On the other hand, fears of oil subsidy sharing cast their shadow on shares of upstream oil companies, Oil and Natural Gas Corp. Ltd (ONGC) and Oil India Ltd. For the Reliance stock, better-than-expected performance of its telecom and retail businesses—Reliance Jio Infocomm Ltd and Reliance Retail—helped valuations.
So what will the coming year bring? Here are the key factors to watch out for:
This is a significant variable. Shares of upstream companies will take cue from oil prices. Now, “higher the oil price, the better it is” could easily have been the mantra for oil producers. In India, it’s a different ball game. The sooner oil prices start to inch upwards by a good margin, subsidy sharing concerns emerge for state-owned oil producers. As mentioned earlier, this is one of the reasons that weighed on the sentiments for the two stocks this year, although things have eased with the recent drop in crude prices.

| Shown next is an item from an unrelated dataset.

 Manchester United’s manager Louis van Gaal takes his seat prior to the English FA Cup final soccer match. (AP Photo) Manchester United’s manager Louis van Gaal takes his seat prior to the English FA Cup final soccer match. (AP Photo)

Benchmark Singapore gross refining margin (GRM) is currently much lower than the average of $6.1 a barrel seen in the September quarter. For a refiner, GRM is realization from turning every barrel of crude oil into finished products. Unfortunately, the outlook isn’t getting better over the near-to-medium term. That’s because global net refining capacity addition is expected to surpass global refined products demand growth in 2019. Analysts expect a relatively softer refining margin environment in the first half of the year.
However, towards the end of next year, some strengthening in refining margins can be expected owing to the compliance with International Maritime Organisation’s new norms for sulphur content used by ships. Demand for low sulphur diesel/middle distillates globally is expected to get a boost, in turn resulting in better product cracks.
According to ICICI Securities Ltd, marketing margins on petrol and diesel is estimated to be flat or higher year-on-year in 2019. Needless to say, much also depends on where crude prices are and what government policy is adopted.
For state-run oil companies, the government that comes to power next year will be critical. As ICICI Securities says in its 2019 outlook, “We believe that strength and hue of the government that comes to power in May 2019 after elections would influence the earnings outlook and stock performance of OMCs and ONGC.” A strong government will likely mean stable and reasonable auto fuel marketing margins, and reforms to reduce LPG and kerosene subsidy, the broker added.
Reliance Jio, Reliance Retail key for RIL
For the Reliance stock, performance of its telecom and retail businesses—Reliance Jio and Reliance Retail—remains a key measure to track. How refining margins fare will also be consequential. At Reliance, though, valuations are rich even as earnings, free cash flow and return on capital employed may lag Street estimates despite impressive momentum in telecom and retail, pointed out analysts from Jefferies India Pvt. Ltd in a 17 December note.